**EXERCISE AIM**:
What is needed is a verbatim copy of the data, minus the pictures.

**EXTRACTED DATA**:
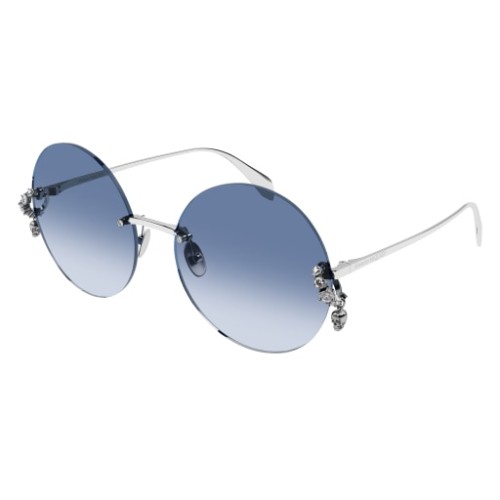 Alexander McQueen AM0418S - 003 - 62 Sonnenbrillen Silber Rund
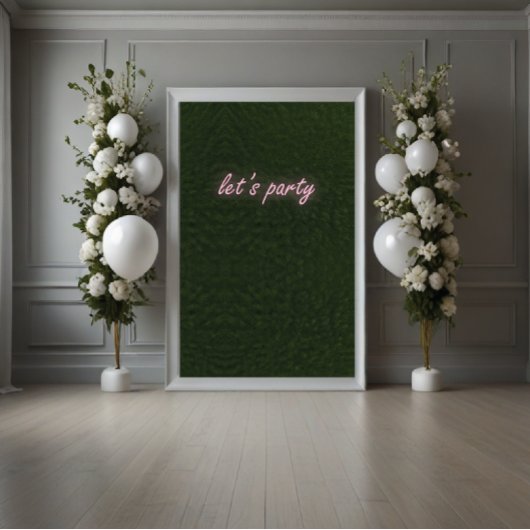 Neon Party Sign op gras achtergrond banner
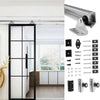 6.1FT Sliding Rail Barn Door Hardware Steel Roller Closet Track System Home Kit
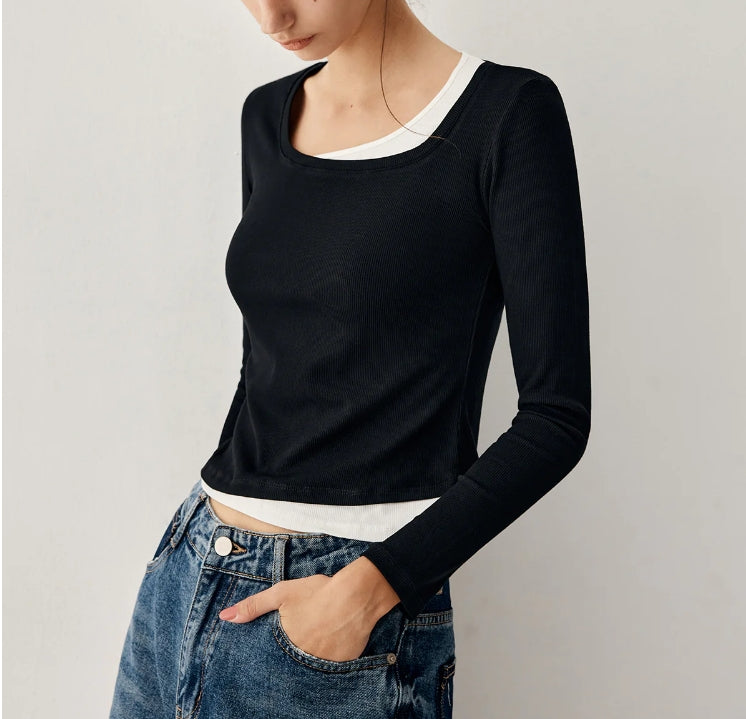 Colorblock Long Sleeve Crop Shirt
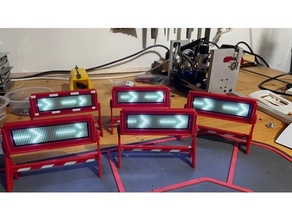 poteau indicateur affichage direction 114 LED afficher travaux routiers échelle 3d print model - Mito3D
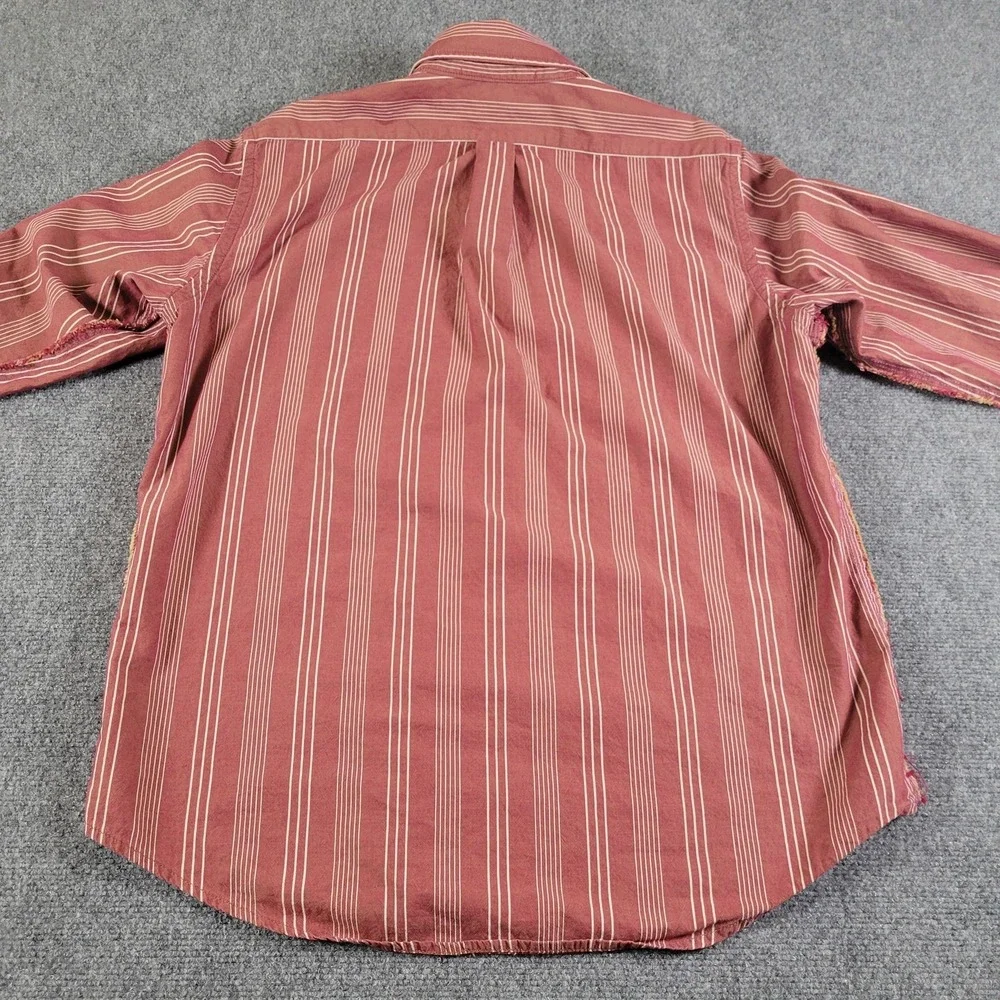 RA.RE Shirt Mens 2XL Red Striped Embroidered Rose Button Up Made in Italy Cotton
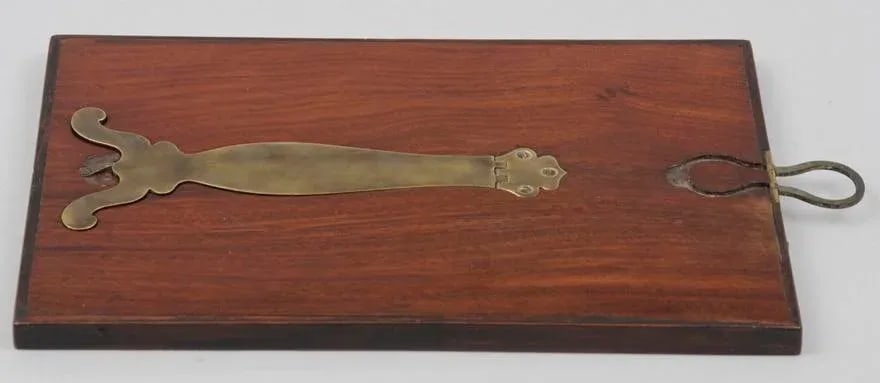 Antique Brass Inlaid Traveling Mirror - 6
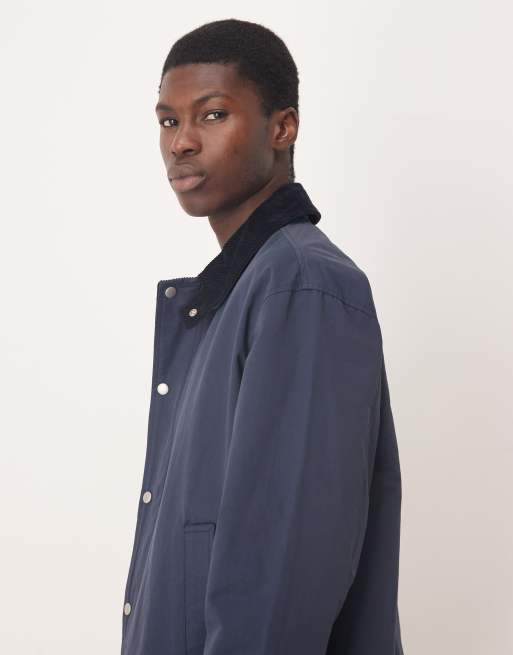 Chaqueta Harrington con cuello de pana en azul marino de ASOS DESIGN, 4 de 5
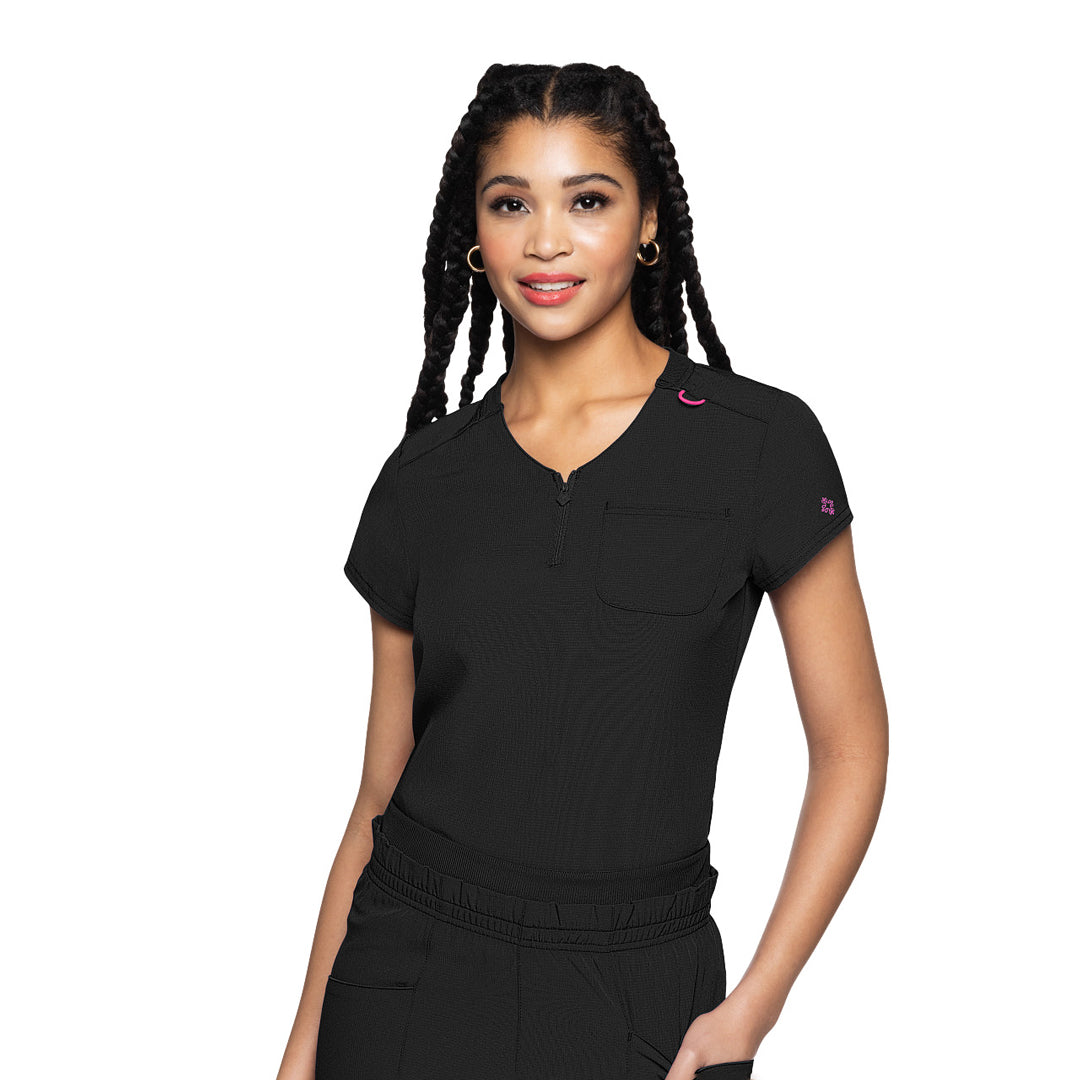 House of Uniforms The Quarter Zip V-Neck Tuckable Top | Ladies Med Couture Black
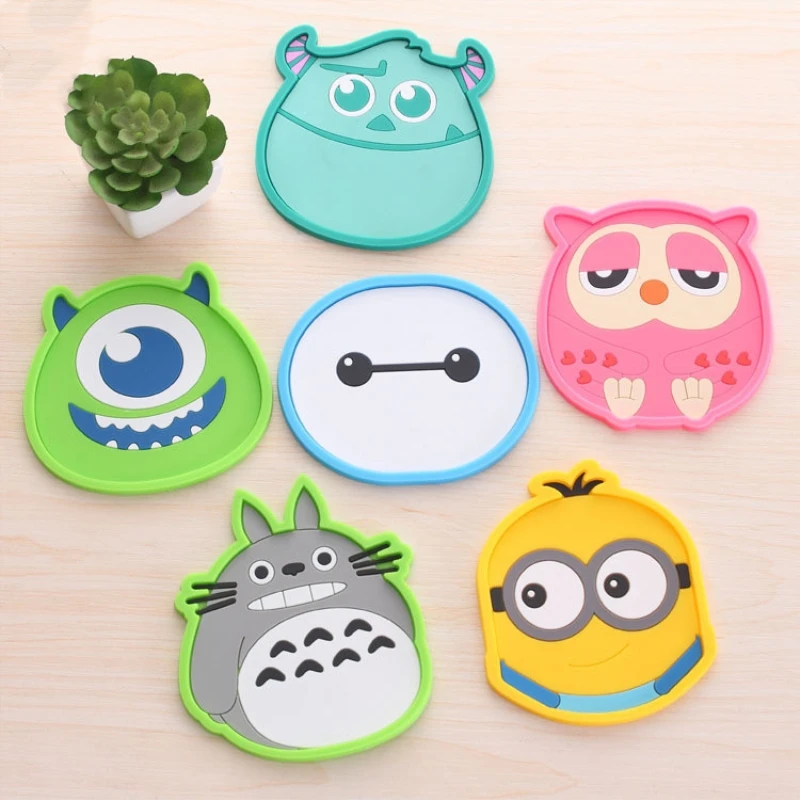

1 Pcs Silicone Dining Table Placemat Coaster Kitchen Accessories Mat Cup Bar Mug Cartoon Animal Owl Totoro Minions Drink Pads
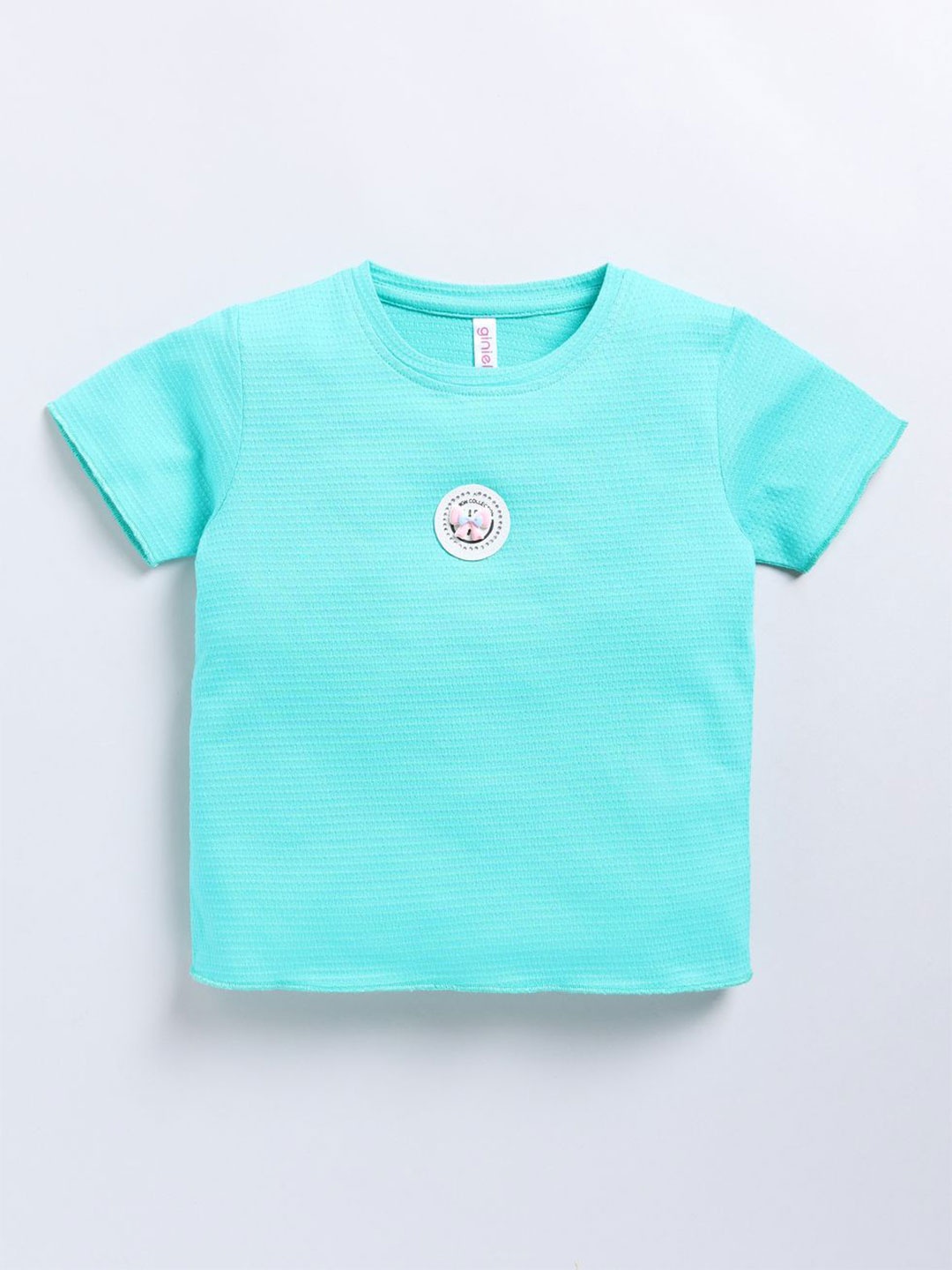 

Ginie Girls Logo Printed Crop Top, Green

**RESPONSE TO THIS TASK**:
 Alexander McQueen AM0418S - 003 - 62 Sonnenbrillen Silber Rund
 Neon Party Sign op gras achtergrond banner
 6.1FT Sliding Rail Barn Door Hardware Steel Roller Closet Track System Home Kit
 Colorblock Long Sleeve Crop Shirt
 poteau indicateur affichage direction 114 LED afficher travaux routiers échelle 3d print model - Mito3D
 RA.RE Shirt Mens 2XL Red Striped Embroidered Rose Button Up Made in Italy Cotton
 Antique Brass Inlaid Traveling Mirror - 6
 Chaqueta Harrington con cuello de pana en azul marino de ASOS DESIGN, 4 de 5
 House of Uniforms The Quarter Zip V-Neck Tuckable Top | Ladies Med Couture Black

1 Pcs Silicone Dining Table Placemat Coaster Kitchen Accessories Mat Cup Bar Mug Cartoon Animal Owl Totoro Minions Drink Pads

Ginie Girls Logo Printed Crop Top, Green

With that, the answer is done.